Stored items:
----

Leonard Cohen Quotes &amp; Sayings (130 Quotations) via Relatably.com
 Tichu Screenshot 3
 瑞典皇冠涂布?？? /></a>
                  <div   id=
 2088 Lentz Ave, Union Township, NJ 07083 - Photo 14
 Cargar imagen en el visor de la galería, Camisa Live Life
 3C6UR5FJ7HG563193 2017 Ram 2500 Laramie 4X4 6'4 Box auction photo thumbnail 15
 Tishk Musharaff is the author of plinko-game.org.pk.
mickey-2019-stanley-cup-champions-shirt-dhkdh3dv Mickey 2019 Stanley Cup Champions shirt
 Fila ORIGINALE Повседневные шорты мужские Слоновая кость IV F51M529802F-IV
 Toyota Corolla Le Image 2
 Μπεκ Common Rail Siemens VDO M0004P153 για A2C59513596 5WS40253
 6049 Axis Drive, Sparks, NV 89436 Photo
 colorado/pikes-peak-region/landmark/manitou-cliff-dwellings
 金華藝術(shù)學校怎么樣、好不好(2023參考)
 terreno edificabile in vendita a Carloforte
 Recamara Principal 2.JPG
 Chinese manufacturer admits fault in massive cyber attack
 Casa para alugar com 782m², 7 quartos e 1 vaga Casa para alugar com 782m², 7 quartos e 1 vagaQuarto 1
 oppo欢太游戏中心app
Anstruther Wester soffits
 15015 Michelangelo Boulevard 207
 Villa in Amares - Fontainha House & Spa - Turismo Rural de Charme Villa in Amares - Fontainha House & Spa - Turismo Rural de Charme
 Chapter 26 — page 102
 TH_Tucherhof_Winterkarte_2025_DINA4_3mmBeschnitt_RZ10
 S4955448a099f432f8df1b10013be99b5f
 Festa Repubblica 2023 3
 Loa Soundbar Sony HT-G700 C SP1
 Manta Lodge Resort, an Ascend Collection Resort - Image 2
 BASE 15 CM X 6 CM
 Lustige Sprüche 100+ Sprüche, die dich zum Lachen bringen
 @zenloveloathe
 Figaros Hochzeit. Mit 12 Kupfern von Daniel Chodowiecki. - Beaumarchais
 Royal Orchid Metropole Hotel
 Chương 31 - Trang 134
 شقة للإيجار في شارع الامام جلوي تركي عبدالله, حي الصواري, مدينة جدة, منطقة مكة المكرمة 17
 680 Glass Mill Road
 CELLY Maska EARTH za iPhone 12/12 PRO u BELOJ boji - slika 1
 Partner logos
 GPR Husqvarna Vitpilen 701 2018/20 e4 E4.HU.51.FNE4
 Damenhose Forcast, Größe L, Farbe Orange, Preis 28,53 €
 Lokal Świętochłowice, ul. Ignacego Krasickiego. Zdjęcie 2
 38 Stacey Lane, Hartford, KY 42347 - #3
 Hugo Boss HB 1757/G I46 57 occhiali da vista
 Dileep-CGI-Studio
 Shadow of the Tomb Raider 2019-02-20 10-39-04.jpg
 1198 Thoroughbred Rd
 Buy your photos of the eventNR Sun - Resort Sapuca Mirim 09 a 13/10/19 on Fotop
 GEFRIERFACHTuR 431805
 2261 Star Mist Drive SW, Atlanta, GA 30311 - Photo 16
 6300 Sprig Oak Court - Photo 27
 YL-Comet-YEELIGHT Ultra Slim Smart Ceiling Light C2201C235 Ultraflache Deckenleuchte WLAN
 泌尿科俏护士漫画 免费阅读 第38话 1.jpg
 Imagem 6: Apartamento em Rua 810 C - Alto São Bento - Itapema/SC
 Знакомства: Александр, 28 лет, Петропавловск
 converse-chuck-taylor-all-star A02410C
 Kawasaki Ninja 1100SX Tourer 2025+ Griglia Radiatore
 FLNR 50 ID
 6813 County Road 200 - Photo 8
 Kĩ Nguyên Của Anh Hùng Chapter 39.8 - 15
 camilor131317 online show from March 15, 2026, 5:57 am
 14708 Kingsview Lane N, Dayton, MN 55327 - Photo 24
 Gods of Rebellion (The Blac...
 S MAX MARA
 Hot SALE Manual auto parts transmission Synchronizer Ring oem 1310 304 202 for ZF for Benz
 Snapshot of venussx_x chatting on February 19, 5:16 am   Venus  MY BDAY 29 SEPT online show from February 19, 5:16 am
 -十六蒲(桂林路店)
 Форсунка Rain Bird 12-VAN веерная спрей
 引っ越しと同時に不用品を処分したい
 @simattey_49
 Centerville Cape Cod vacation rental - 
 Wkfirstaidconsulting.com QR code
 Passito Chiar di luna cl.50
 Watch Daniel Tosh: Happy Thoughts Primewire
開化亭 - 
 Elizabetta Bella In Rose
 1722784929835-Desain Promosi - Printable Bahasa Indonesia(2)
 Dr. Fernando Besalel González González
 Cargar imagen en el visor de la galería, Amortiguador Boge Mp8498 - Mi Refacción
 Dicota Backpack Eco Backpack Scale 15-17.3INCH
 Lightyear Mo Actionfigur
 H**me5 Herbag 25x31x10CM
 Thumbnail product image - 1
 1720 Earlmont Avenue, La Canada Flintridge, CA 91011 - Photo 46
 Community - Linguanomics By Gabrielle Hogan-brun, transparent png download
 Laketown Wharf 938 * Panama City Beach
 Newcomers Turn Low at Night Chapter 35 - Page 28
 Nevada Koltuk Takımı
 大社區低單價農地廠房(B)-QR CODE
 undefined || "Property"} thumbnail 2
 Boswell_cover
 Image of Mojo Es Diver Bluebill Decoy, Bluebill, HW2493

----

● **Exercise**: Restate word for word only the lines above from the line containing "Snapshot of venussx_x" to the line containing "Thumbnail product image - 1", both of them included.

● **The completed task**:
 Snapshot of venussx_x chatting on February 19, 5:16 am   Venus  MY BDAY 29 SEPT online show from February 19, 5:16 am
 -十六蒲(桂林路店)
 Форсунка Rain Bird 12-VAN веерная спрей
 引っ越しと同時に不用品を処分したい
 @simattey_49
 Centerville Cape Cod vacation rental - 
 Wkfirstaidconsulting.com QR code
 Passito Chiar di luna cl.50
 Watch Daniel Tosh: Happy Thoughts Primewire
開化亭 - 
 Elizabetta Bella In Rose
 1722784929835-Desain Promosi - Printable Bahasa Indonesia(2)
 Dr. Fernando Besalel González González
 Cargar imagen en el visor de la galería, Amortiguador Boge Mp8498 - Mi Refacción
 Dicota Backpack Eco Backpack Scale 15-17.3INCH
 Lightyear Mo Actionfigur
 H**me5 Herbag 25x31x10CM
 Thumbnail product image - 1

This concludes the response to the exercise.